Sans que personne ne le voie clairement, les cheminots sont à la source d'un désordre français majeur, qui déstabilise l'ensemble du champ social. La préparation du rail européen passe en effet par la conclusion d'une sorte de convention collective à l'échelle de l'Union, beaucoup moins favorable que le statut accordé aux salariés de la SNCF. Bloqués pendant des années par un syndicalisme que la SNCF a protégé, les cheminots français découvrent peu à peu qu'ils ne seront plus seuls à utiliser les rails financés par le contribuable. Ce réveil salutaire mais douloureux perturbe en profondeur le paysage social français.

 

Le risque d'un statut européen

On ne le dit pas assez, mais les innombrables grèves qui se succèdent à la SNCF, en ordre dispersé, protestent toutes contre la négociation d'une convention collective nationale du rail qui remettra en cause le statut des salariés de la SNCF. Ceux-ci vivent en vase clos, depuis 1936, à l'abri de leurs petites combinazioni syndicales et font, depuis des années, l'autruche face à l'imminente ouverture du rail à la concurrence. L'ouverture du transport ferroviaire de voyageurs à la concurrence arrive. Cette salutaire introduction permettra de secouer le cocotier des rigidités de la Vieille Dame nationale.

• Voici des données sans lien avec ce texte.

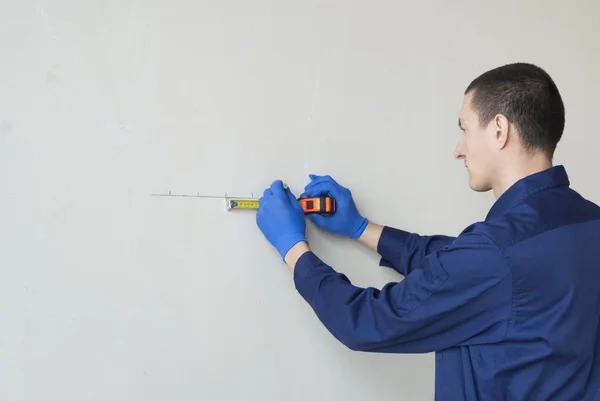 Electricista trabajador realiza el marcado — Foto de Stock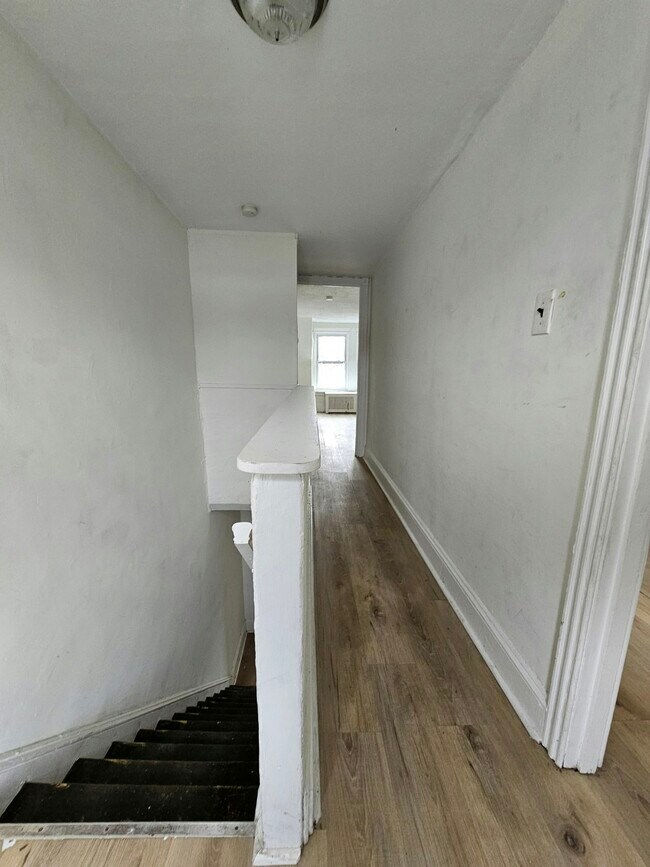 Building Photo - 751 Haws Ave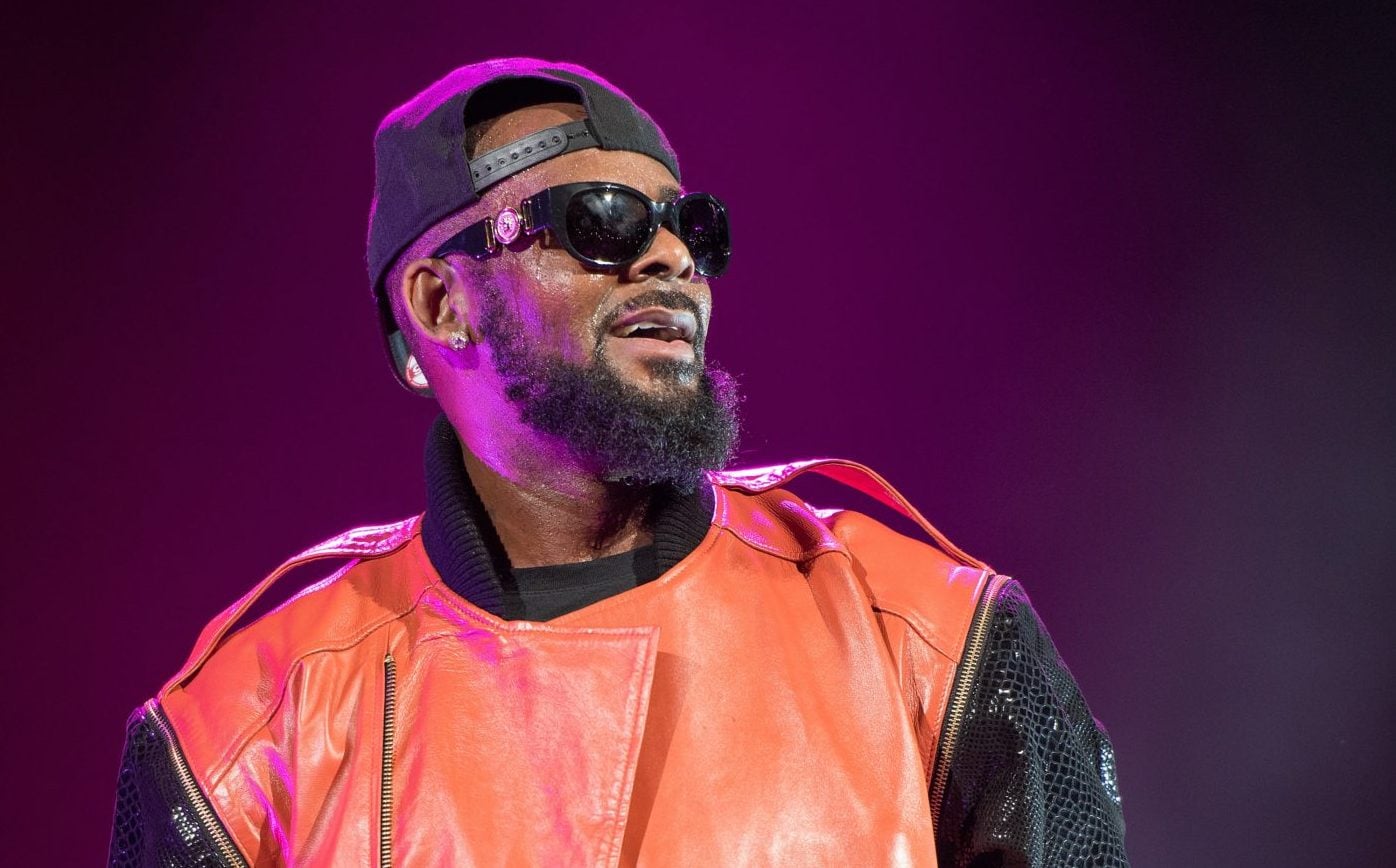 Protestors hold 'March for Black Women' outside of R. Kelly concert - theGrio1396 x 868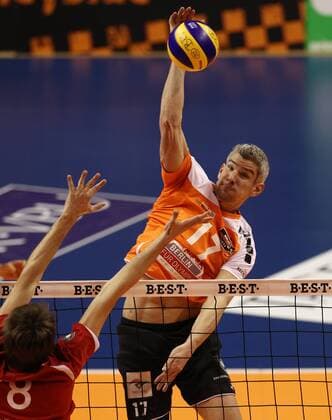 Rob Bontje im Angriff, Felix Isaak Volleyball Bundesliga Herren Saison 2014 2015 04.02.2015 BR Volleys Berlin vs. TV Rottenburg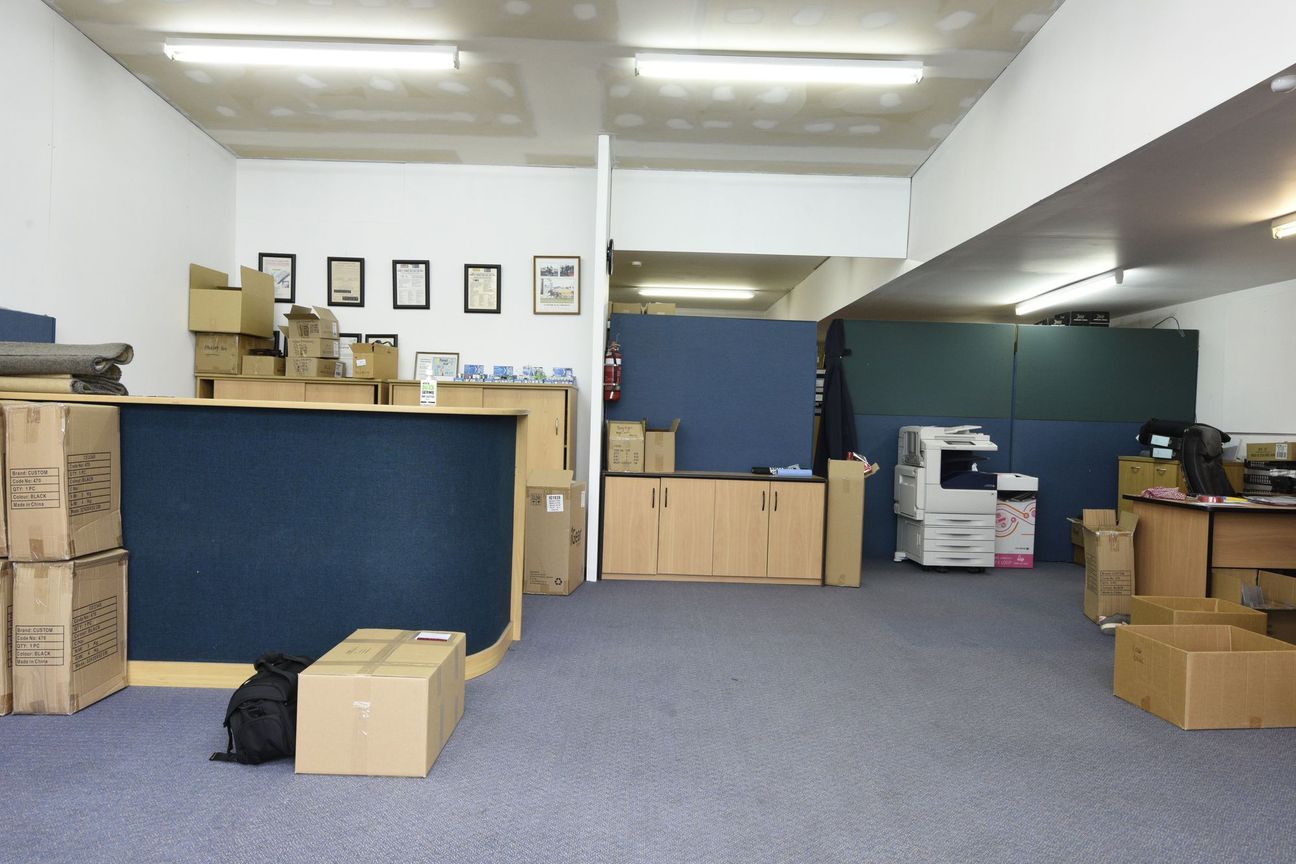 Commercial Development Opportunity in Mosgiel - Більше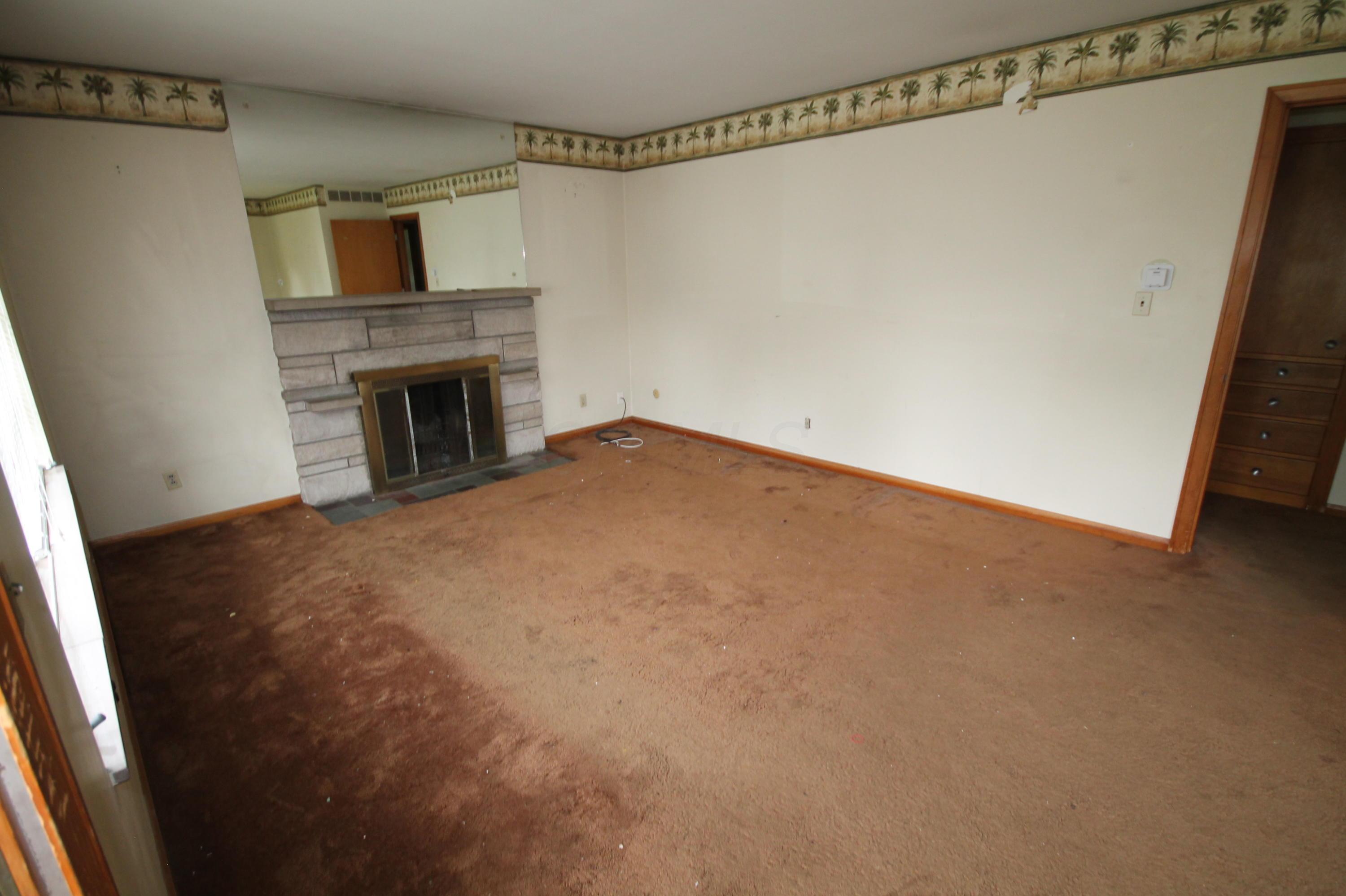 2845 Zollinger Road Columbus, OH 43221 - Photo 2 of 32 Gallery Image 2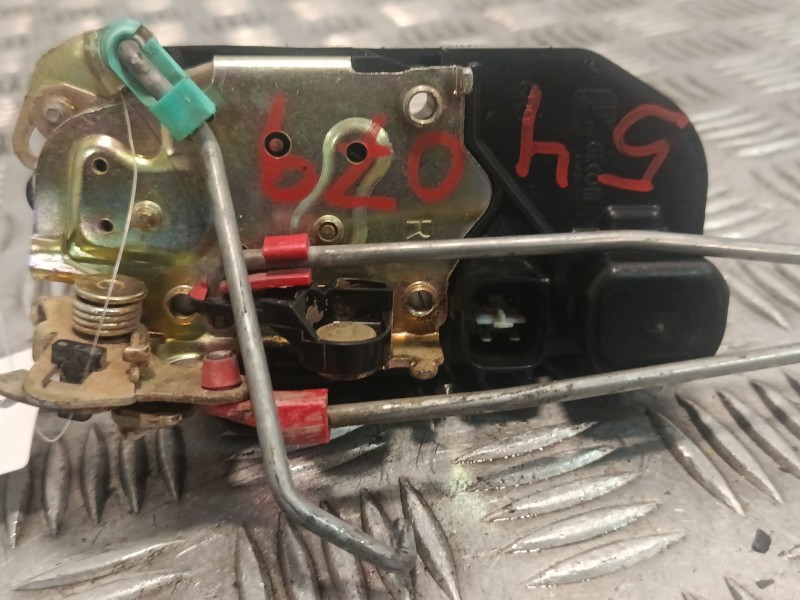 Recambio de cerradura puerta trasera derecha para jeep cherokee (kj) 2.5 crd cat referencia OEM IAM 55177044AJ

Elle ne va évidemment pas sans susciter un puissant tir de barrage. Pourtant, le mouvement paraît inéluctable: il est désormais incontournable que la branche du rail existe et dispose d'une convention collective moins contraignante que le statut de la SNCF. Les syndicats français l'ont bien compris: les avantages que la «bête SNCF» leur donne depuis des années touchent à leur fin. Les entreprises ferroviaires qui pourront assurer du transport de voyageurs dans quelques années en France pourront recruter sous des conditions moins favorables que la SNCF.

La seconde mort de la Libération

Historiquement, les syndicats ont pu justifier les avantages extravagants (dont la retraite à 50 ans) qu'ils pouvaient revendiquer au nom de la Libération et des prix qu'on lui prêtait. Personne n'a en vérité jamais vérifié attentivement si la légende forgée au sortir de la guerre sur l'engagement patriotique des cheminots se justifiait. Mais la conviction intime régnait: sans eux, la France n'aurait été ni vainqueur ni libre en 1945.

Il a fallu attendre près de soixante-dix ans pour que ces privilèges soient remis sur la table et révisés. Seule l'Europe aura permis d'aborder sans pollution historique ni légendaire la vérité des faits. Enfin, on peut discuter de ce que doit être la condition de travail d'un conducteur de TGV, sans évoquer la sabotage des lignes menant en Normandie en 1944.

Privatisons le rail, enfin !

Reste à aller jusqu'au bout. Les grèves auxquelles nous assistons sont les derniers témoignages des prises d'otage du service public par les toxiques CGT Cheminots et autres coordinations pseudo-ouvrières. Ceux-là adorent parler comme s'ils incarnaient le prolétariat, alors qu'ils en sont juste les rentiers ordinaires.

Personne ne dira jamais la souffrance des vrais prolétaires, usagers du rail, qui furent pris, pendant des années, en otage des revendications incertaines lancées par des syndicats surprotégés. Tous ces lève-tôt ont dû composer avec les irrégularités capricieuses du syndicalisme ferroviaire et arriver au boulot quand ils le pouvaient. C'est encore le cas ces jours-ci et brinquebalés de TER en transiliens bondés, ils rêvent d'une SNCF enfin libre. 

 (source LeFigaro.fr - Eric verhaeghe *)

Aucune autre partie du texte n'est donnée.